-- PROVIDED MATERIAL follows --

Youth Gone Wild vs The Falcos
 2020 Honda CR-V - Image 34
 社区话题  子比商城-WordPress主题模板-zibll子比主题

-- PROVIDED MATERIAL concluded --

■ **EXERCISE**:
Type out the material above once more, exactly.

■ **PROBLEM SOLUTION**:
Youth Gone Wild vs The Falcos
 2020 Honda CR-V - Image 34
 社区话题  子比商城-WordPress主题模板-zibll子比主题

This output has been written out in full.